=== Exercise requirements ===
Transcribe each line of the material as it is, and drop any picture.

=== Material provided ===
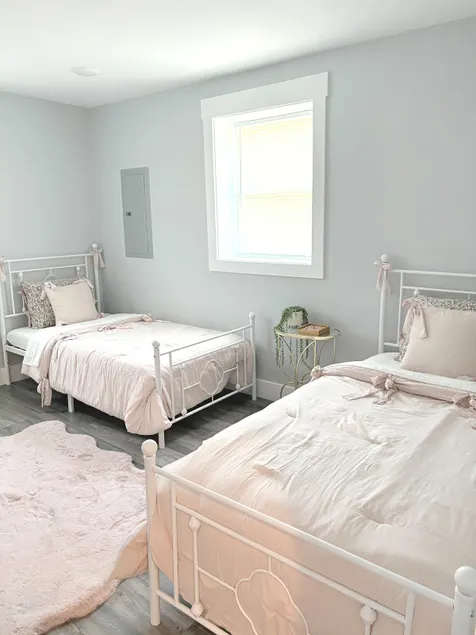 The Little Laurel Loft - Near Downtown-3 - Image 1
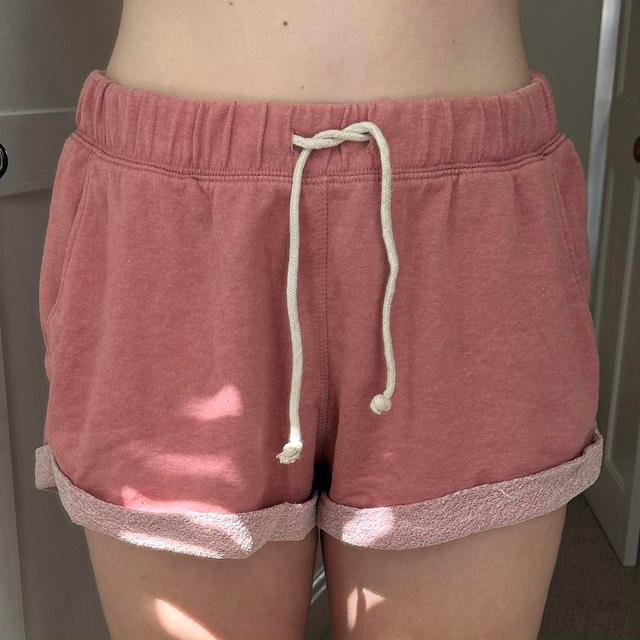 H&M Women's Shorts - Pink - M on Productcaster.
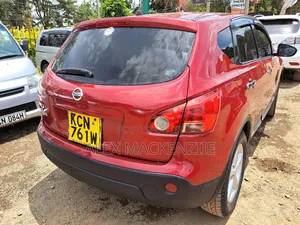 Nissan Dualis 2010 Nyekundu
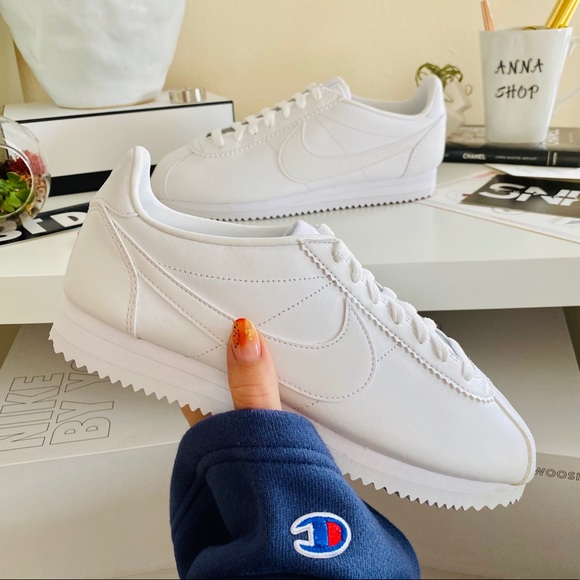 NWT Nike Cortez triple white - Picture 2 of 9
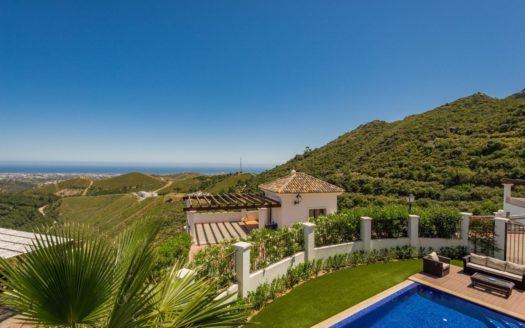 Villa de 5 dormitorios en  Benahavis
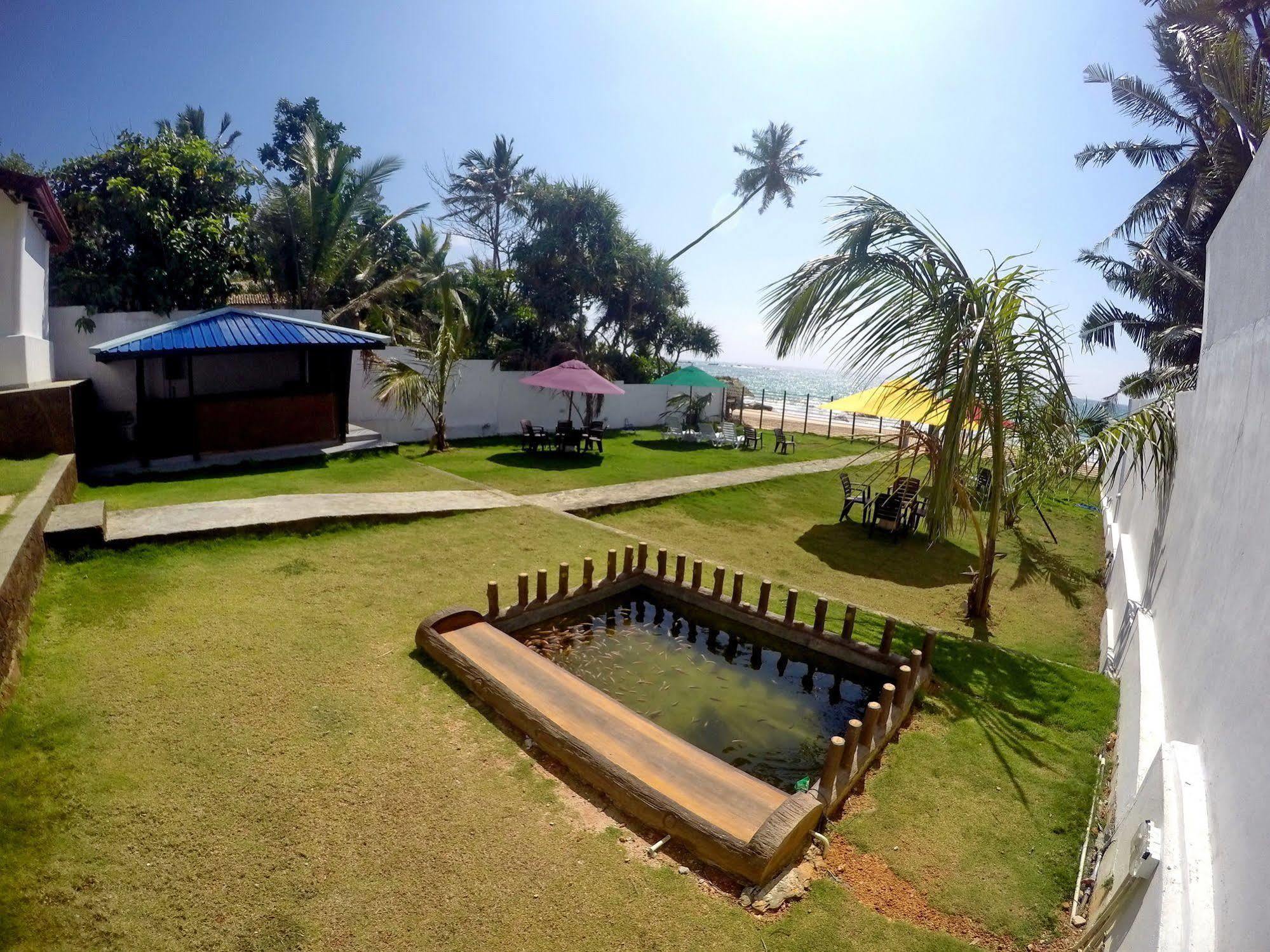 Ramon Beach Resort Ambalangoda  Kültér fotó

=== Expected answer ===
 The Little Laurel Loft - Near Downtown-3 - Image 1
 H&M Women's Shorts - Pink - M on Productcaster.
 Nissan Dualis 2010 Nyekundu
 NWT Nike Cortez triple white - Picture 2 of 9
 Villa de 5 dormitorios en  Benahavis
 Ramon Beach Resort Ambalangoda  Kültér fotó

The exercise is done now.